In traditional fashion, I have spent the Bank Holiday doing DIY.  Specifically, decorating the kitchen.

turmeric lightning!

That’s what happens when you burrow in the cupboard for chick peas, and find the turmeric instead.  If I was a C15th spice merchant, I’d be well narked.  As it is, I’m quite impressed by my artistic jar-juggling skills.  I’m calling it Sunset Boulevard: Kitchen, and leaving it there for future generations to appreciate.  Or until I find my dustpan and brush.

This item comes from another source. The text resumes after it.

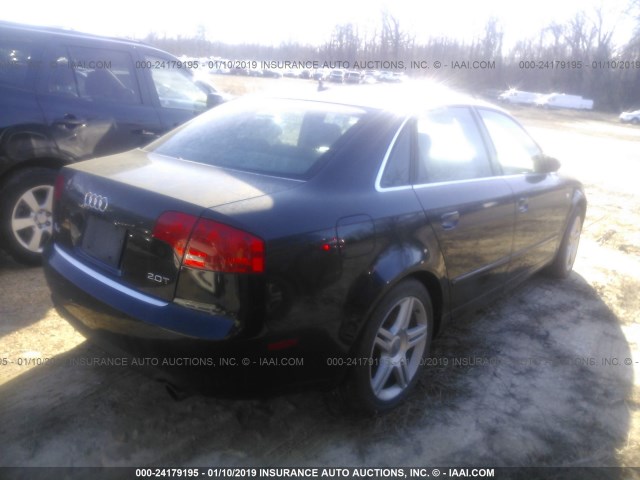 WAUAF78EX7A003436 - 2007 AUDI A4 2/TURBO BLACK photo 4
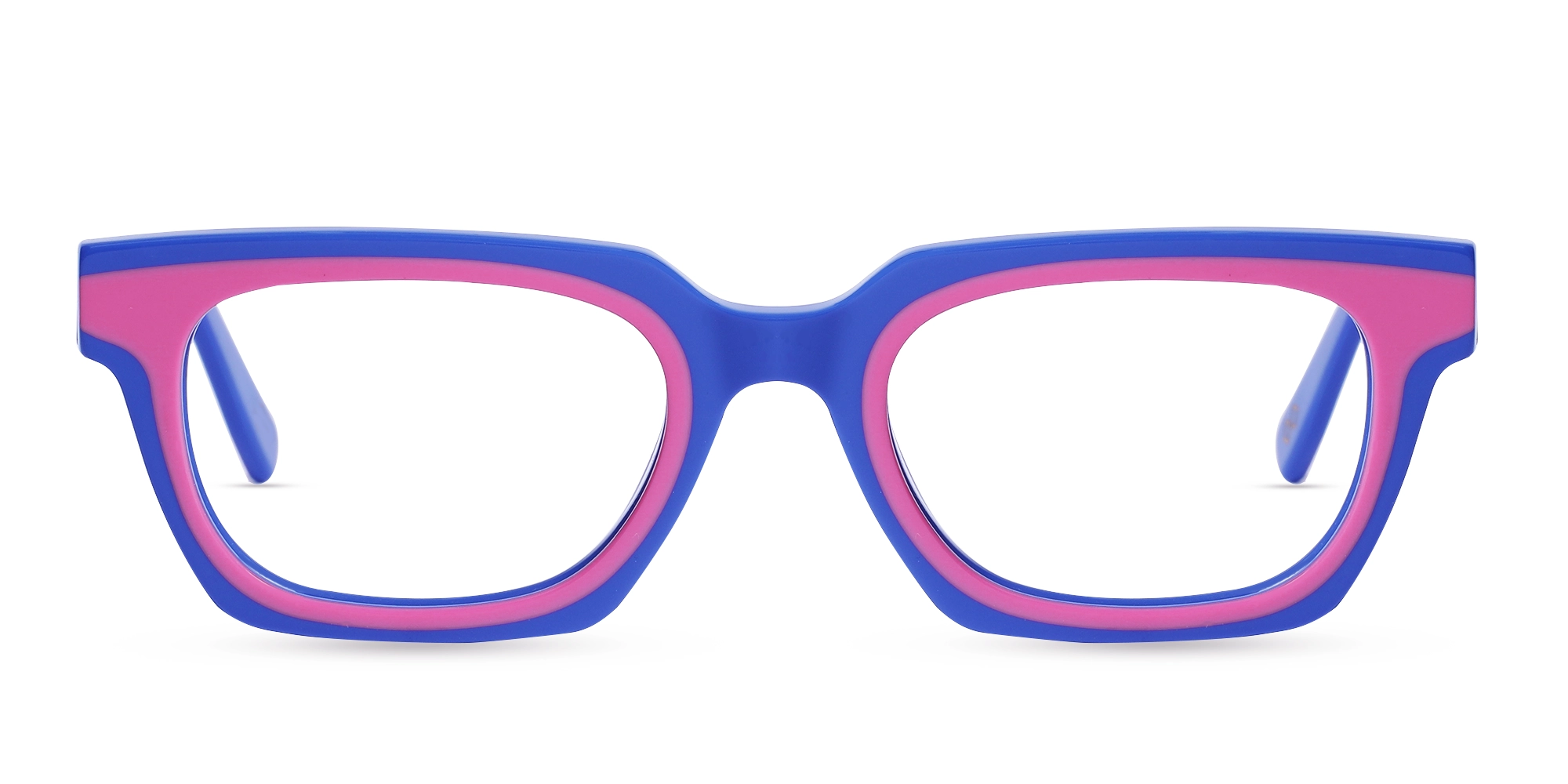 Pink Blue Rectangle Glasses-1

book_mini  I’m slacking on the fiction front – always tricky when you’re knee deep in your own book to fully pay attention to someone else’s – so you’ll have to wait for my review of the marvellous Sarah Mussi’s new teen issue-thriller, Last of the Warrior Kings.   (It is killing me to keep putting it down, though.  Damn you, Mussi, and your cliffhangery ways!)  In the meantime, here’s Charlie Brooker talking about existentialism.  He’s always good value, but this column has bonus thought-provocation in with the LOLs.  It’s what Biscuits & Lies is about, really: becoming so accustomed to the rules of the unreal world (telly, movies, the internet, where you’re a safe observer in the audience, just a pseudonym among millions of untraceable others) that you can’t help but apply them to the real one, at which point everything goes tits-up up quite spectacularly.  Speaking of which…

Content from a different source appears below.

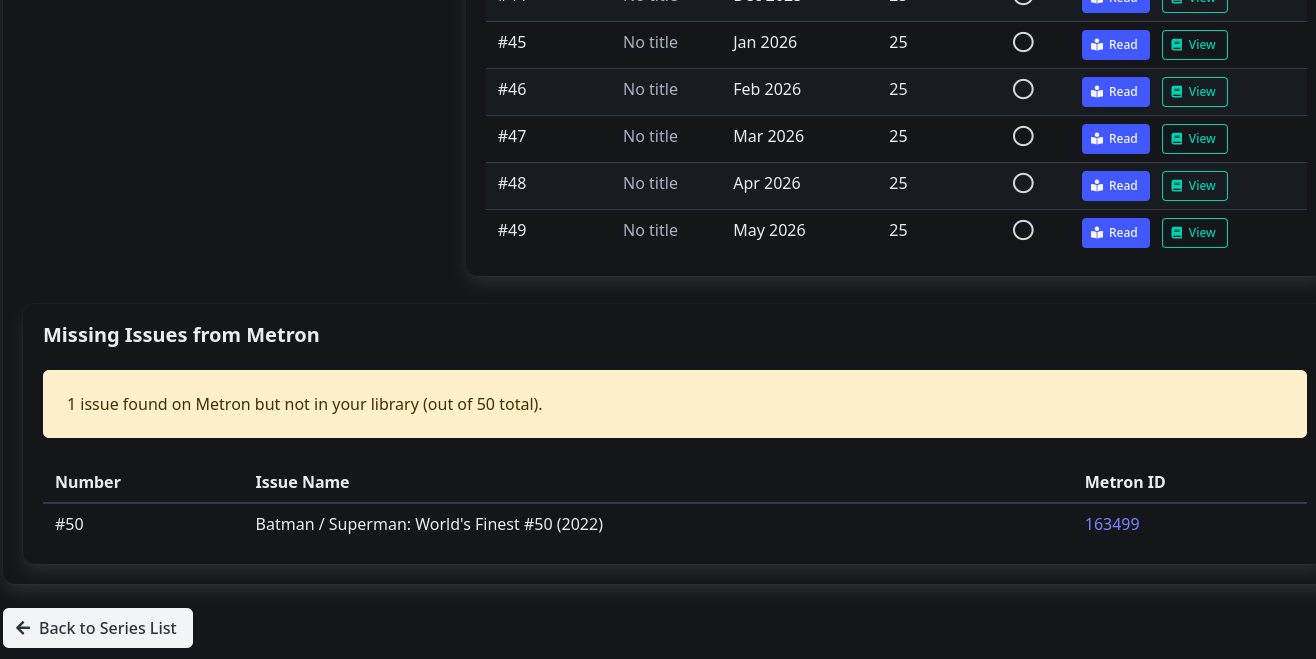 Image of the missing issues on the Series Detail view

pencil_mini  You know how last week I said I kept thinking of throwing the whole of B&L out of the window?  Well, I did.  (Metaphorically.  It was in my laptop: I sort of need that a bit too much to go throwing it at windows.)  I’ve nailed the heroine’s voice, at last.  The characters I’d planned out are writing themselves into unexpected, sparkly new people.  There’s a whole new subplot, and I have no idea how it will end: I’m spotting clues to it as I type them, and giggling, and scribbling down ridiculous possibilities, because who knows?  It’s a messy, impractical way to work: I can see already the places I’ll need to tighten up, the meandering chunks of dialogue that don’t do anything for the plot, are just there because I was having fun making these people talk to each other.  (I’m writing dialogue!  I’ve missed dialogue.)  But I don’t think my brain works any other way.  I’ve got the fundamental story set in stone, but if it’s all preconstructed, I get bored.  Knowing exactly where I’m going would be like reading the last page of the detective novel to find out whodunnit: simply unsporting, old chap.  I shall deny ever saying such things when I’m sweating over Edit #43, obviously, but right now, I’m having a riot.  Can there really be people on the planet who don’t want to do this for a living?

rocrastination_mini  Doing a little spoon-based dance round the kitchen while cooking, only to realise there were three students in the garden, probably weeing themselves at my old-lady moves; celebrating 2 chocolate-free weeks with pistachio ice-cream (I fit in my jeans again: sod it); Prison Break-ing like a mo-fo (2 eps from the end of Season 2: gosh *flails* etc); finally being a grown-up and going for a proper bra-fitting, which is much less scary than I’d imagined (though I was mentally writing an extra serafina67 scene where she did the same – with hi-larious consequences, of course).